‘Man Made’ forces us to reevaluate masculinity

By Ellen Garnett
Staff Writer

If you’re the kind of person who enjoys reading snarky, sarcastic material, you will love “Man Made,” a book written by “Time Magazine” columnist Joel Stein.

Stein, a clever middle-aged man, goes on an adventure to learn about manliness for his newborn son, Lazlo. He explores activities that are typically deemed “manly,” such as hunting, fighting, and camping as a Boy Scout, all of which Stein missed out on as a kid because he shut himself off from exploring outside of his comfort zone.

As a journalist, I have a huge intellectual boner for Joel Stein and his level of snarkiness. He is not afraid to share his observations on life, such as on owning a dog. For two weeks, Stein adopted a dog to fulfill the “taming animals” aspect of manliness. He is thoroughly confused as to why people invite nature into their housing. When he runs into another dog owner, he becomes more confused about people who have pets.

“It seems awkward to make small talk with the guy whose dog’s butt is getting smelled out, but it seems more awkward not to. I’m not sure if we’re supposed to pretend the butt smelling isn’t going on or address it directly like, ‘Wow. It seems like your dog’s butt smells fantastic. What do you do? Wipe it?’ ”

I love his sense of sarcasm and that his writing has a definitive voice. In my writing, I also strive to put a clever edge on my work. Overall, Stein is very creative and honest in his journey to reclaim his manhood.

However, at times, I felt annoyed at how “unmanly” he was, which speaks to how clear-cut we are as a society in our understanding of manliness.

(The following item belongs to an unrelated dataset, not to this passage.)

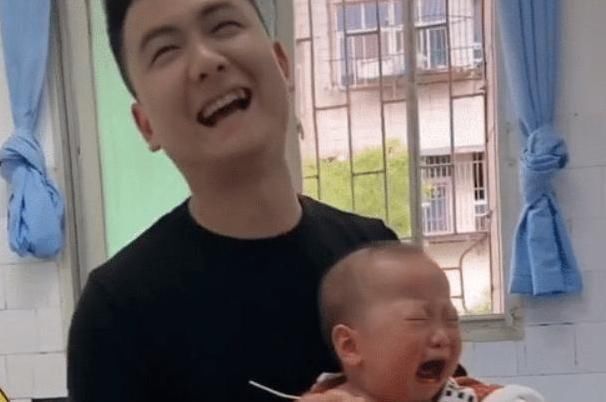 爸爸|“最惨宝宝”打预防针走红,孩子哭得稀里哗啦,爸爸乐得合不拢嘴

I did like that his book made me reflect on my own definition of manliness, which is, I will admit, somewhat based on stereotypes. Also, he had an obnoxious tendency to refer to women as “chicks” but perhaps that was part of his “trying to become a man” bit.

I liked that he focused on not just staying up in his brain but also being actionable in life, which is a great message for his audience. As college students, it is important for us to step out of our comfort zones to see what we are really capable of doing in this world. The whole point of college (besides, you know, getting a degree) is to experiment. We find things we are good at and that we like to do and others that we absolutely hate.

“Man Made” is a great book for reflecting on our definition of what it means to be a man, and, more importantly, encourages us to not be afraid to discover the reaches of our capabilities.